Chris, who stunned the world when he famously reached the final of Wimbledon as an unseeded player in 1983, is these days a doting dad to his daughter, a talented violinist who has been invited back to Aotearoa to headline the Auckland Philharmonia Orchestra’s opening performance of 2023.
“I couldn’t be a prouder dad,” Chris says from his California home. “It’ll be a surreal moment watching her on the stage at the Auckland Town Hall. I remember taking the kids to watch performances there when they were little and here we are now. It’s a big parenting moment, that’s for sure!”

Chris will be in the audience when Geneva plays in Auckland.
It’s a welcome homecoming for US-based Chris, 65, who hasn’t been back to New Zealand since 2015, but even more so for Geneva, 24, who hasn’t visited since her family moved to America in 2005 to chase opportunities in the tennis world.
“It’s going to be a really emotional experience,” she tells. “I still have such a strong sense of home with New Zealand, but it’s not a place that I know too well! I’ve recently been trying to play music from New Zealand composers, and try and figure out a way where I can authentically have this connection to home. But of course, I can’t wait to get back and develop that connection even more.”
And while Geneva’s talent at violin is hugely impressive, there was a time where we could have been looking at another Kiwi Lewis on the world’s tennis courts too.

“She was number one in her age group in Southern California,” Chris says. “But I remember when she was about 12 or 13, she came to me with a bit of trepidation and told me that while she loved tennis, she loved music more, and she knew then she wanted to focus on it as a career.
“She was scared that I would be disappointed! But as a parent, it’s your ultimate ambition to see your kids do well – it doesn’t matter what the passion is. There was no disappointment there – quite the opposite.
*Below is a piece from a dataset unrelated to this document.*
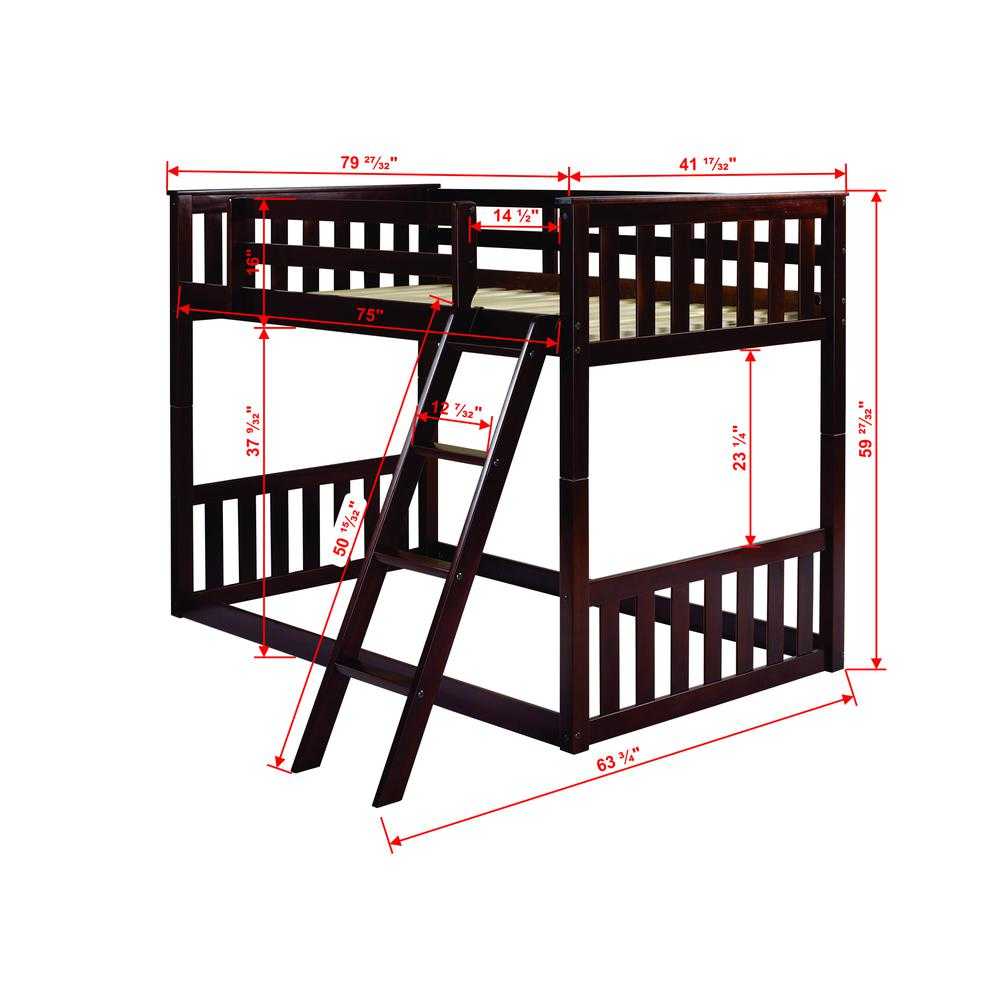 Jace Floor Bunk Bed dimensions diagram showing twin-size layout, ladder angle, and floor-flush bottom bed for compact room fit.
She was so determined, even from that early age, that she was going to be a professional violinist, and she knew she needed to devote her time exclusively to it.”
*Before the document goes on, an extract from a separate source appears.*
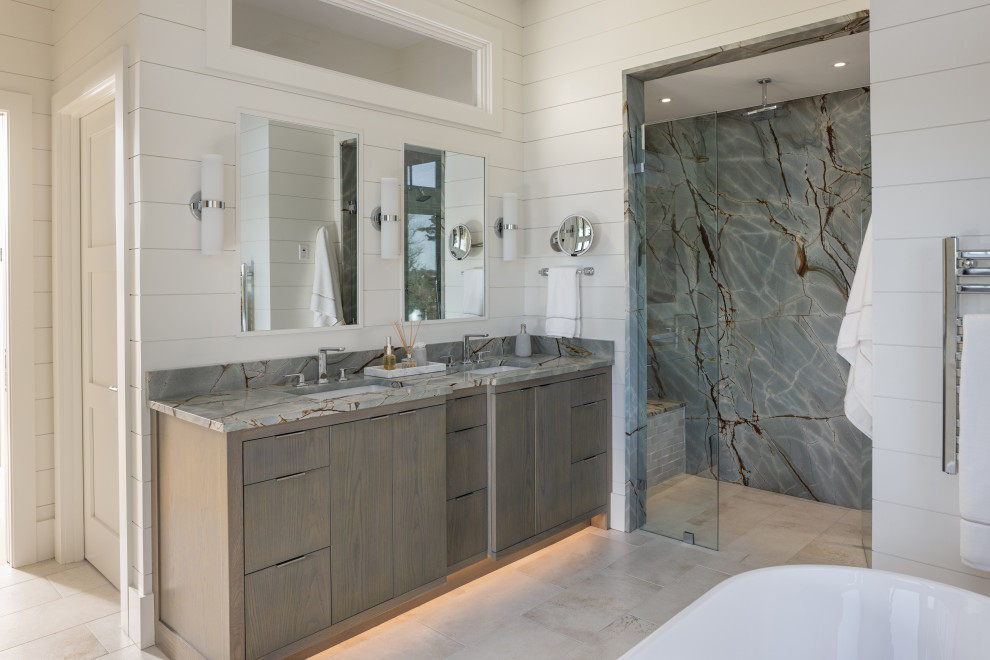 Example of a beach style bathroom design in Providence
Music and sport are irrevocably intertwined in the Lewis household, with Chris teaching Geneva and her siblings Nathan and Rochelle the love of classical music from a young age. As such, Geneva says choosing violin felt as natural as picking up a tennis racquet.
“Of course, growing up with my dad and seeing his success was amazing, but he and my mum were so supportive of whatever I wanted to do. We were always really fascinated drawing comparisons between music and sport – the process of trying to become excellent in both is so hard.”
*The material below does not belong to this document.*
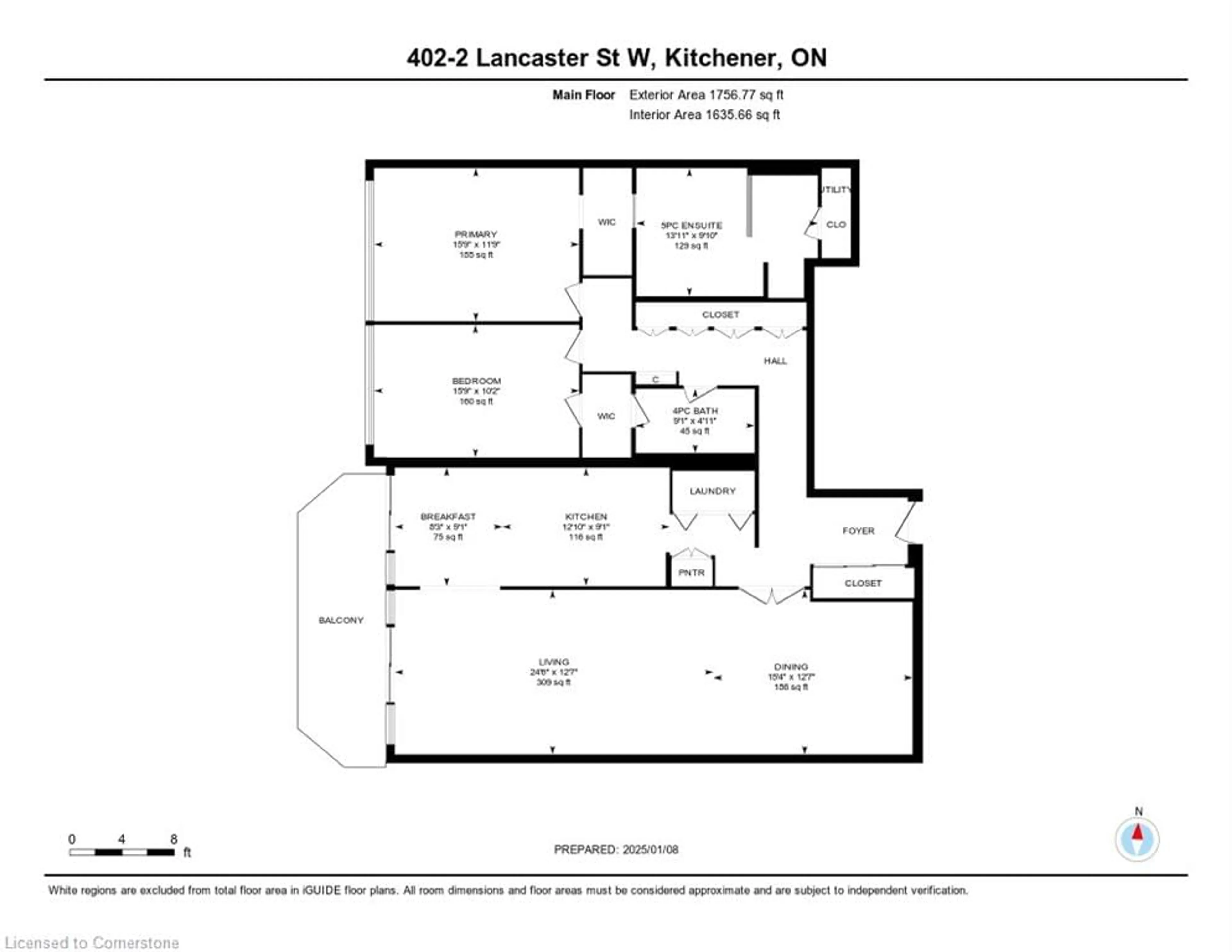 Floor plan for 2 Lancaster St #402, Kitchener Ontario N2H 6S3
And excellence she has achieved, recently being named one of BBC Radio 3’s New Generation Artists, as well as being lauded as “one to watch” and for her “remarkable mastery of her instrument” by commentators.
“The violin has just always been the most natural way to express myself,” she explains. “I’ve just always connected with it and it’s always felt like me. So wanting to be a professional violinist really made sense after connecting so strongly, and then I was really lucky enough to have some incredible mentors and teachers too.”

To perform back in Aotearoa is a real full-circle moment for both Geneva and Chris, who is looking forward to exploring and rediscovering Aotearoa after so long away.
“I grew up there, I raised my kids there and I’ll always consider myself a New Zealander,” Chris enthuses. “I remember at Wimbledon – in the days of telegrams and cables – I got more of them than anyone had ever got in the history of Wimbledon. They needed two or three lockers just dedicated to the telegrams that kept flooding in from home; that was the incredible level of support I had.

Kiwis were on the edge of their seats when Chris made it to the Wimbledon final in 1983.
“I always felt very strongly about the kids growing up in New Zealand because I myself had such an idyllic childhood, but international opportunities with tennis took us away.
“But to come home and watch my daughter succeed so wonderfully is something I know I’ll remember for a long time.”